### What to produce
Only one stretch of the data below is needed. Output the lines from the one with "Arnold Modelleisenbahnen: Spur" up to and including the one with "Terör örgütü PKK'dan", exactly as they stand.

### Material for the task
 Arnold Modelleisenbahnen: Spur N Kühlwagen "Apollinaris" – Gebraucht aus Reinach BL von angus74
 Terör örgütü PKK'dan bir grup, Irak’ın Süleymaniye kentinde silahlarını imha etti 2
* * *
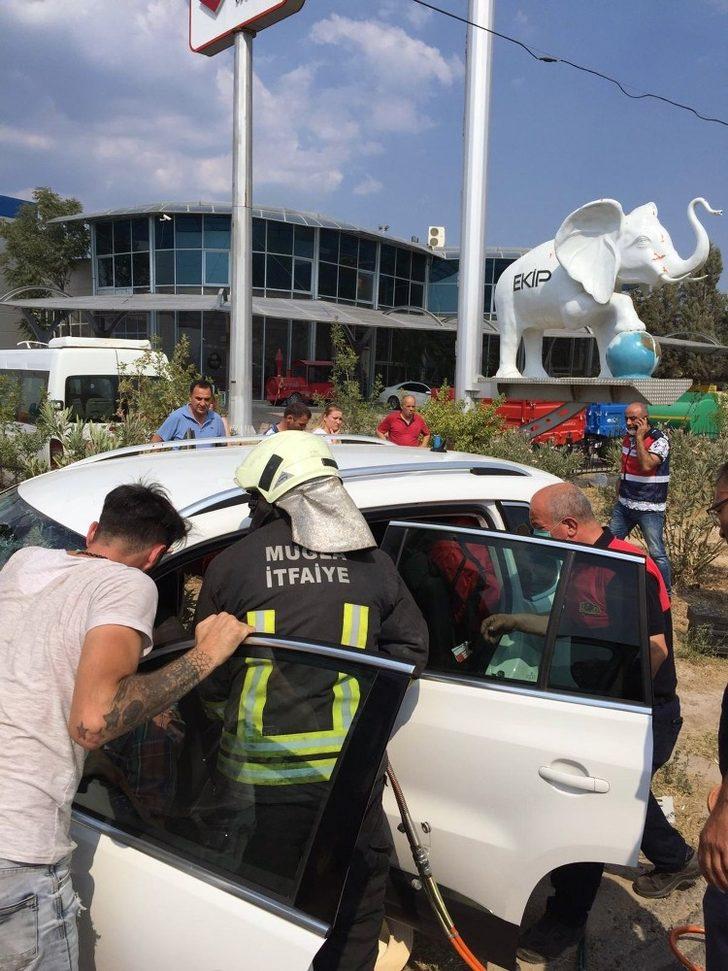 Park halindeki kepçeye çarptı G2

### Your response
 Arnold Modelleisenbahnen: Spur N Kühlwagen "Apollinaris" – Gebraucht aus Reinach BL von angus74
 Terör örgütü PKK'dan bir grup, Irak’ın Süleymaniye kentinde silahlarını imha etti 2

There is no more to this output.